As we start to write code, we’ll get to see how these components interact with each other to create a seamless, information-rich experience for the user. On a high level, the orchestrator that we implement will:
- Take a user query as input
- Connects said query to the right retrieval tool, or tools, as needed
- Retrieve the relevant information from the knowledge store
- Kick this information to the LLM to generate contextually relevant, informed, rich responses.
When developing our RAG system, we’ll also configure our orchestrator with some RAG-specific prompting strategies to ensure that the LLM generates responses that are informed by the retrieved information. This might involve providing the LLM with a summary of the retrieved information, or asking the LLM to generate a response that incorporates the retrieved information in a meaningful way. The orchestration step is also where we add additional constraints and validations to ensure that the LLM follow as predictable a path as possible when generating responses, especially when the retrieved information is financially sensitive or requires a high degree of accuracy.
API-based retrieval systems
As seen from the diagram above, the orchestrator is the central component that connects the user to the retriever and the LLM. The orchestrator is responsible for taking the user’s input, determining the appropriate retrieval strategy, and passing the query to the retriever. The retriever then retrieves the relevant information from Sectors financial data layer, and passes this information back to the LLM for response generation. Because of how controlled this environment is, a great advantage of this API-based retrieval system is that it allows for a high degree of control over the information that the LLM has access to, and can be used to ensure that the LLM generates responses that are accurate, up-to-date, and relevant to the user’s query.

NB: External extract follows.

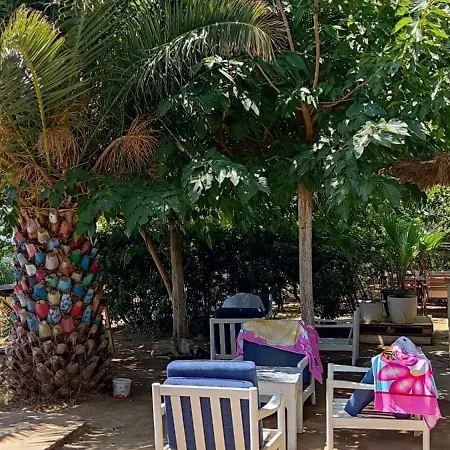 Palmiye Hotel Özdere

Up to date financial data, directly from the database Secured access to financial data, compared to pushing data over to a public LLM Ability to control the information that the LLM has access to compared to a text-to-sql LLM model Avoid the risk of hallucination or overly generic response with no financial context or specificity Avoid prompt hijacking or other adversarial attacks that commonly exploit a general-purpose LLM’s prompt systemWhen using a framework such as LangChain, the orchestrator can be configured with a variety of RAG-specific prompting strategies as well as different Large Language Models in a fairly modular, plug-and-play fashion. This allows for a high degree of flexibility in the design of the RAG system, which we will see in the code examples that follow in this series.